The process of this invention can be applied to cured tobacco in the form of leaf (including stems and veins), strips (leaf with the stems removed), or cigarette cut filler (strips cut or shredded for cigarette making and including shredded, cured tobacco exclusive of the large stems). Tobacco in the form of cut filler is preferred because the process is more effective with the smaller particle size and some of the increase in filling capacity may be lost if expanded tobacco in the form of leaf or strip were subsequently run through a cutter or shredder.

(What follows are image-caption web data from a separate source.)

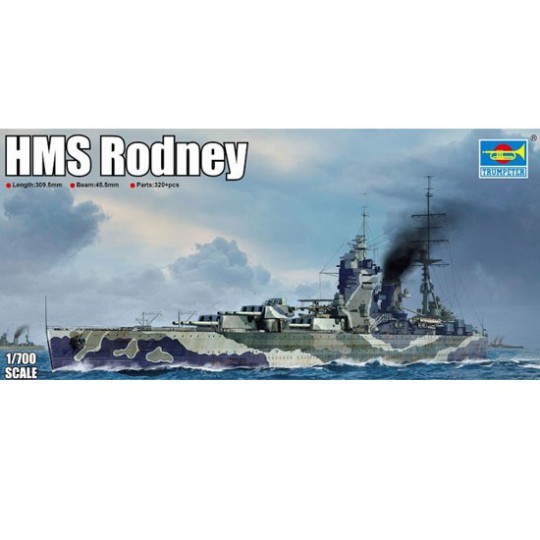 Maquette de Bateau en plastique HMS Rodney 1/700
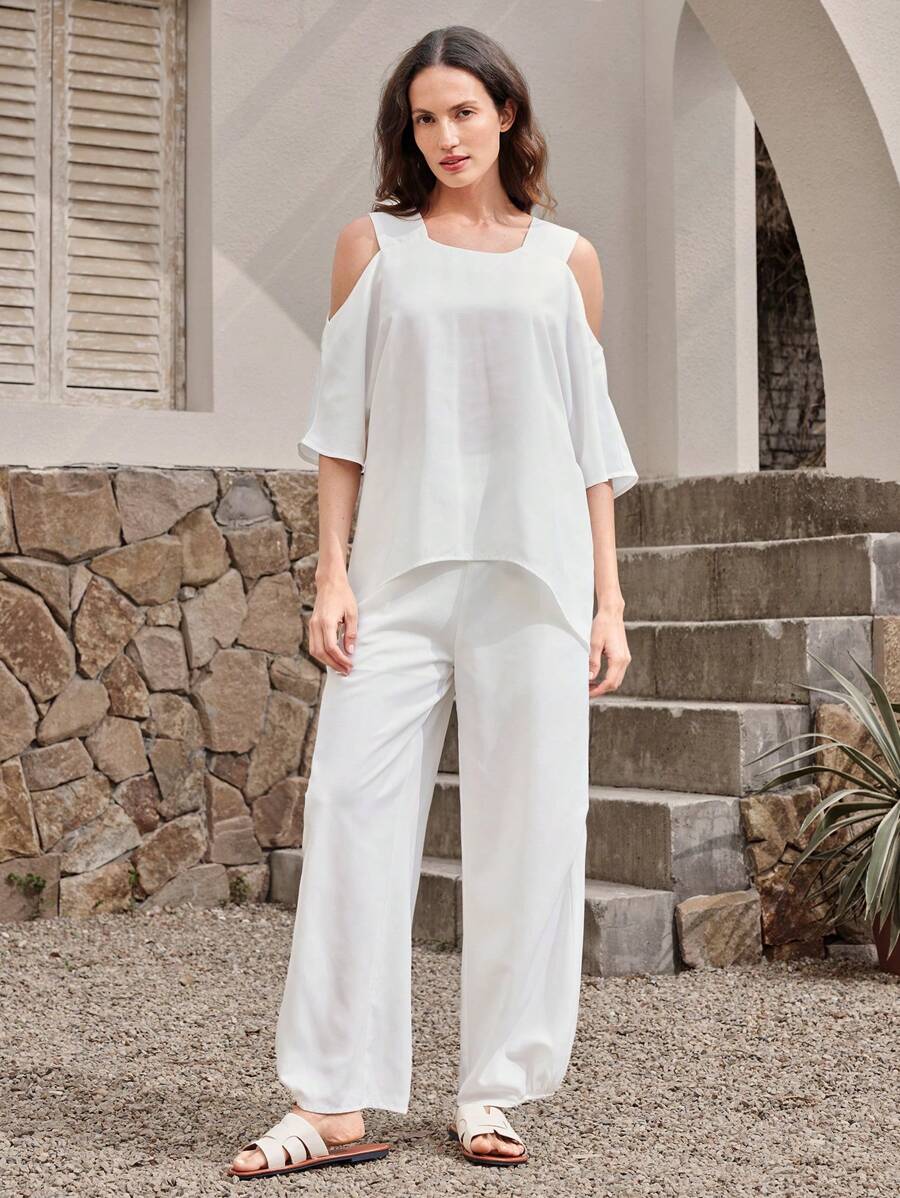 EMERY ROSE 2pcs Women Casual Solid Color Shoulder Top And Pants Set - White - View 1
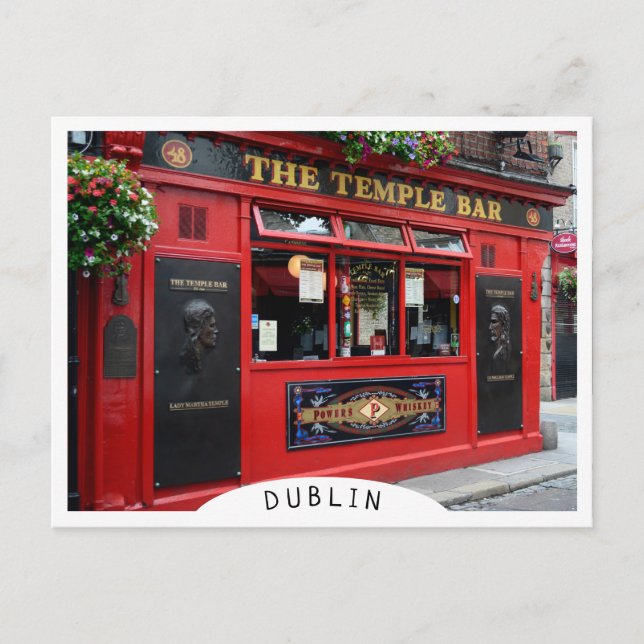 Red Temple Bar pub in Dublin Postcard (Front)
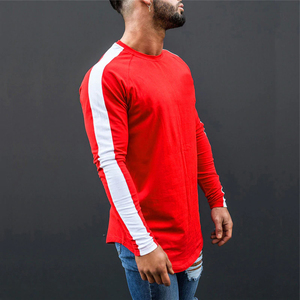 T-Shirt manches longues pour hommes, coupe ajustée, en coton, décontracté, à rayures latérales, mode automne et été 2019 - Product Image 5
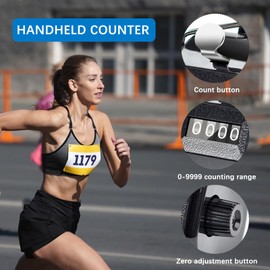 KARELLS Hand Counter, 4-Digit Counter, Mechanical Hand Counter, 2 Pieces ABS Counter Clicker, Metal Counter Clicker Counter, for Person Counter, Coaching, Knitting, Golf and Row Counter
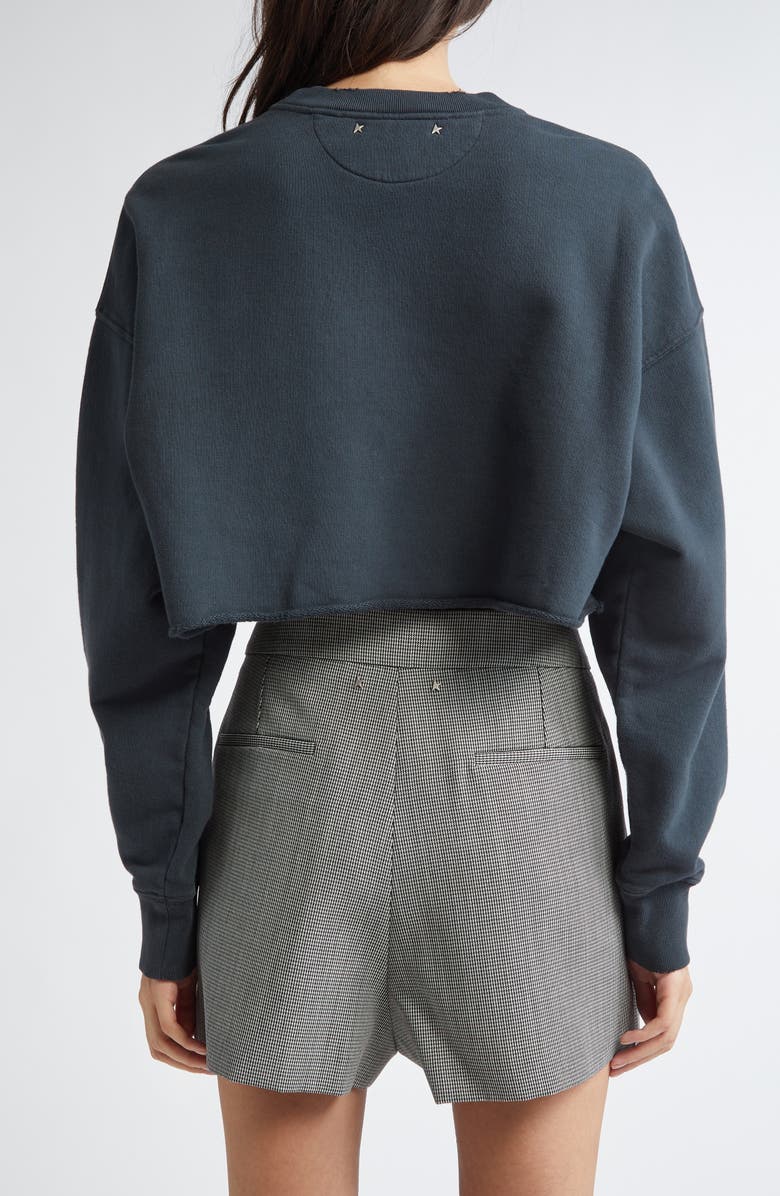 Golden Goose Crystal Embellished Cotton Crop Sweatshirt, Alternate, color, Washed Black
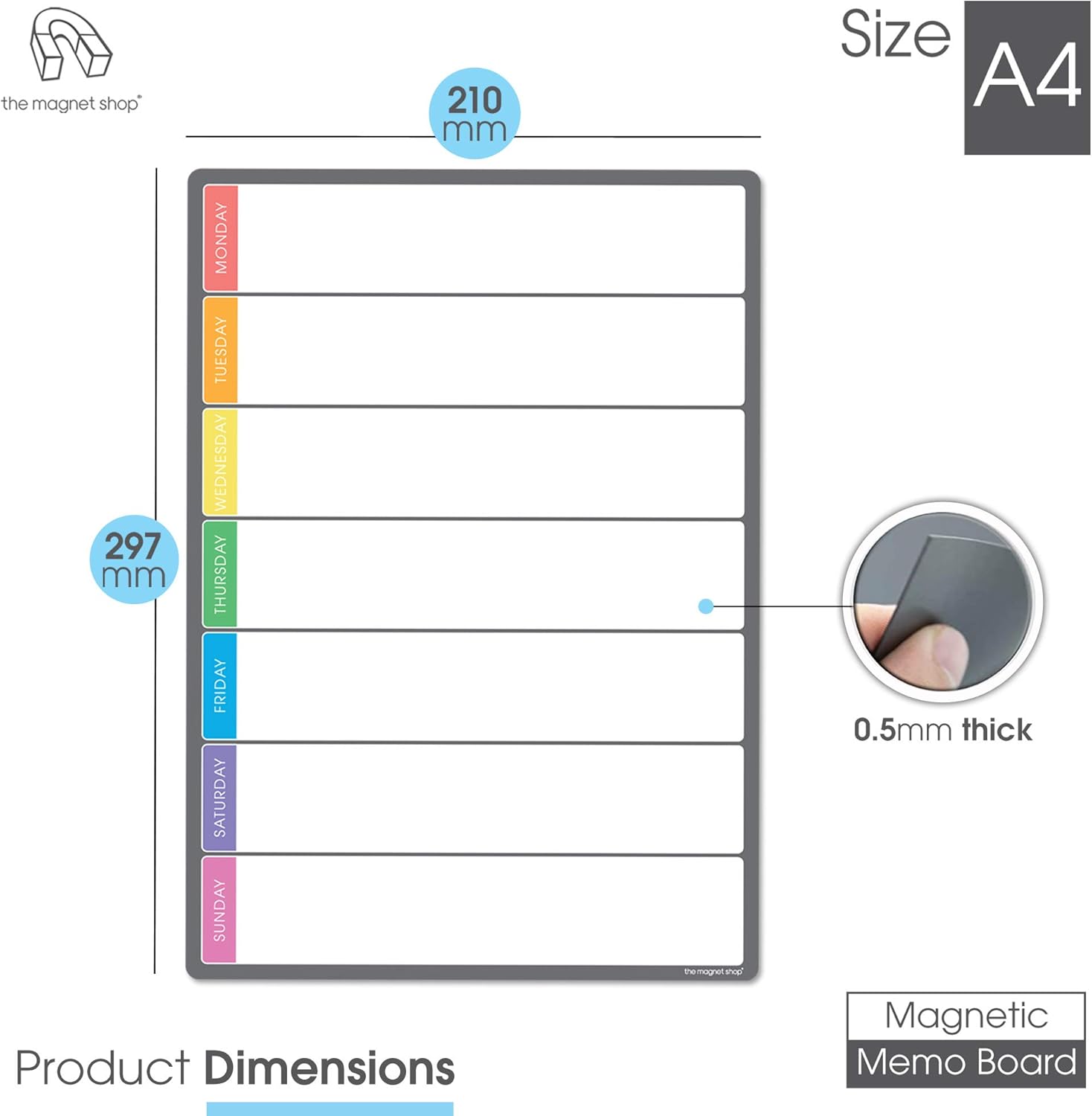 TMS Magnetic Weekly Planner and Organiser A4, Multi-Coloured Style 2 (4 Pens) - Image 4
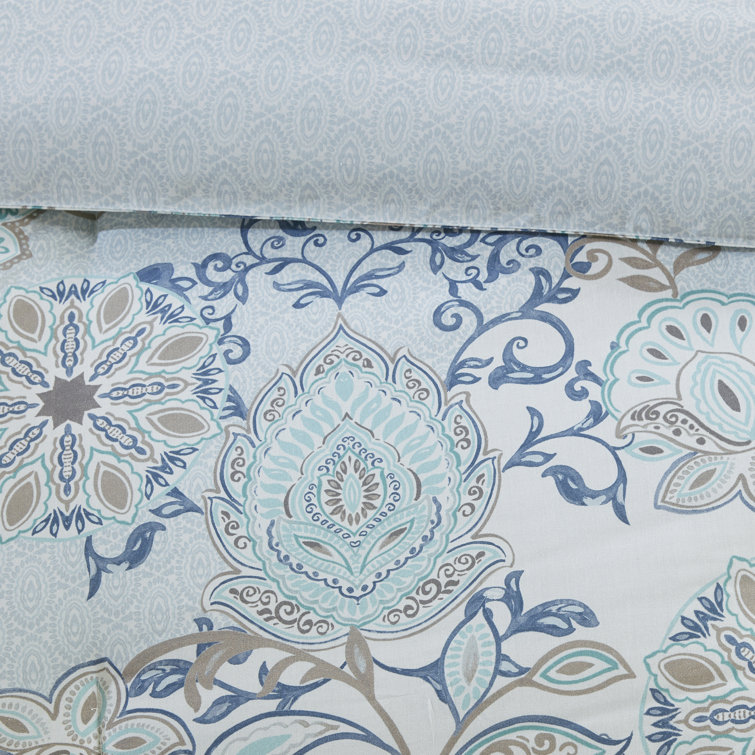California King Blue Cotton Reversible Comforter Set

The tobacco to be treated should be in a pliable condition to minimize breakage or shattering during handling and processing. The traditional way of making tobacco pliable is to adjust the water content to within the range of about 8 to 30 percent. Little water is lost from the tobacco during processing according to the present invention, the moisture content usually being reduced only about 1-4%. Tobacco starting with a moisture content of about 13 to 19%, e.g. 16-19%, will result in expanded tobacco of suitable moisture for cigarette making without the need for further moisture adjustment.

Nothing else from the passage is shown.